At our firm, Nathan and Tom Plumb recognize the influence of momentum and sentiment on market volatility and short-term swings. Nonetheless, we firmly believe that fundamentals are the cornerstone of long-term value. We understand that a range of factors such as interest rates, government policies, inflation, technological innovation, consumer sentiment, shortages, and surpluses contribute to the investment environment, shaping the performance of different investments.
Furthermore, we believe that companies achieving top market positions do so through innovation, execution, and sound business principles. Our focus lies in meticulously analyzing individual investments to identify their specific merits within the prevailing environment. For clients whose needs aren't met by individual stocks and bonds, we offer mutual funds that reflect our strategic approach and portfolio management expertise.
While many wealth management firms prioritize their macro view of markets and asset allocation, often defining success by matching wholesale investment allocation models with diversified market volatility, we take a different approach. We prioritize delivering significantly better long-term results for our clients and mutual fund shareholders. For instance, an investor who entrusted $100,000 to our balanced fund a decade ago now sees $50,000 more in their account compared to a typical investor with a similar mix of stocks and bonds.
Our commitment remains steadfast in focusing on the key factors that have contributed to your past success as we endeavor to build your future prosperity.
Warm regards,
Opinions expressed are those of the author and are subject to change, are not intended to be a forecast of future events, a guarantee of future results, nor investment advice. References to other mutual funds should not be interpreted as an offer of these securities.
Earnings Growth is not a measure of a securities’ future performance.
It is not possible to invest directly in an index.
The Dow Jones Industrial Average (DJIA) is a stock market index that tracks 30 large, publicly-owned blue-chip companies trading on the New York Stock Exchange (NYSE) and Nasdaq.
The MSCI EAFE Index is a stock market index that measures the performance of large- and mid-cap companies across 21 developed markets countries around the world. Canada and the USA are not included. EAFE is an acronym that stands for Europe, Australasia, and the Far East.

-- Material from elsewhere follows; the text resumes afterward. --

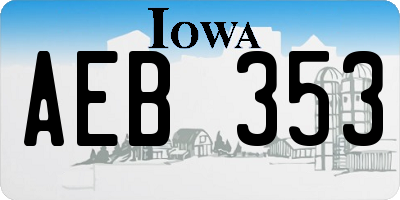 IA license plate AEB353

The Standard and Poor's 500, or simply the S&P 500, is a stock market index tracking the stock performance of 500 of the largest companies listed on stock exchanges in the United States. The Nasdaq Stock Market is an American stock exchange based in New York City. It is the most active stock trading venue in the U.S. by volume and ranked second on the list of stock exchanges by market capitalization of shares traded, behind the New York Stock Exchange.